もし、iPhone、iPad、またはMacを集中して使っているときに、突然ポップアップ通知が表示され、Apple ID のパスワードをリセットするよう求められたら、誰でも心配になるでしょう。しかし、実際にこれが起こっているのです。 もしあなたにそれが届いたら、慎重に行動する必要がありますが、パニックに陥る必要はありません。
Apple ID パスワードリセット攻撃の裏側
セキュリティ専門家であるKrebs on Securityによると、悪意のある人物が、Appleユーザーに対して「パスワードリセットのリクエストをスパムすることで攻撃している」とのこと。 これらのポップアップは、「許可する」または「許可しない」のオプションで閉じたり操作しない限り、消えません。 つまり、デバイスを使用し続けるためには、常に「許可しない」をタップし続ける必要があります。 これらのポップアップ自体には必ずしも悪意があるわけではありません。これは、Appleが信頼されていないデバイスやウェブ上でApple IDのパスワードを変更できるようにするための仕組みです。 たとえば、Apple IDのパスワードを忘れてAppleのパスワードリセットウェブサイトからリセットしようとすると、適切な情報を入力したあと、Appleはリセットプロセスを承認するために信頼できる接続されたデバイスにポップアップを送信します。
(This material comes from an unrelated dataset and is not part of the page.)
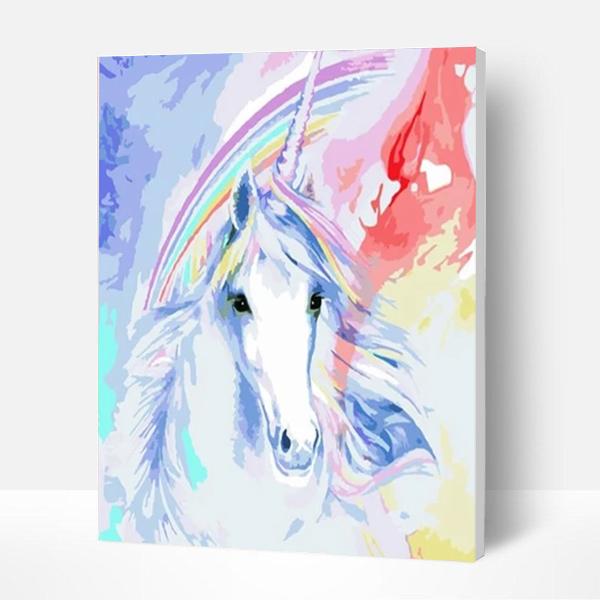 Paint by Numbers Kit for Kids-  Rainbow Unicorn Deco26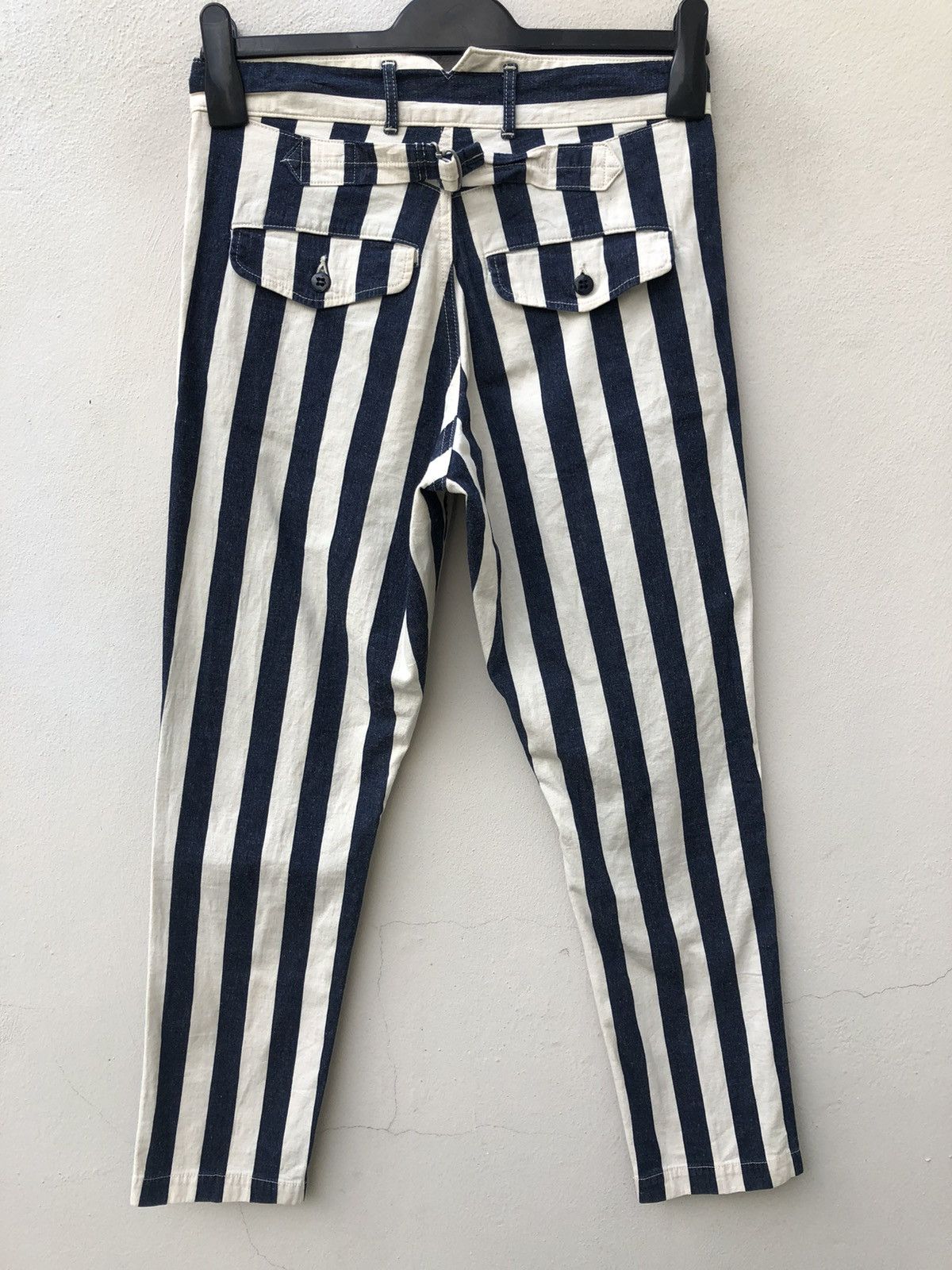 Japanese Brand × Spellbound Spellbound D.M.G Japan Vertical Border Striped Trouser Pant Size US 28 / EU 44 - 10 Thumbnail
承認すると、新しいパスワードを入力できます。 しかし、悪意を持って攻撃を仕掛けようとする者は、AppleのMFA(多要素認証)プロセスの脆弱性を悪用して、これらのリセットポップアップをデバイスに送信するだけでなく、大量にスパムのように送ってくるのです。 ポップアップを閉めても、またすぐに別のポップアップが表示されることがあります。 ある被害者は、ポップアップが止まるまでに100回以上これらのポップアップを閉じなければなりませんでした。 攻撃者がどうやってユーザーにポップアップをスパム送信しているかは正確にはわかりませんが、攻撃者がどのように被害者を標的にしているかを想像することは難しくありません。 Appleのパスワードリセットサイトにアクセスすると、Apple IDと電話番号を提示する必要があります。 攻撃者がこの2つの認証情報を知っていれば、リセットポップアップを好きなだけトリガーすることができます。 もちろん、「許可する」を押したくありません。 押すと、攻撃者があなたの代わりにパスワードを変更できるようになってしまいます。 そうすると、彼らは自分のデバイスであなたのアカウントにログインして、あなたを締め出すことができてしまいます。 スパムのように送られてくるポップアップの「許可する」をタップしてしまう可能性があることだけでも十分に恐ろしいですが、さらに心配なのは、ポップアップがApple Watchにも表示されることです。 Krebs on Securityによると、ある被害者は睡眠中、Apple Watchにポップアップが表示されました。半分眠っている間に通知を消そうとして、うっかり「許可する」をタップしてしまう可能性があります。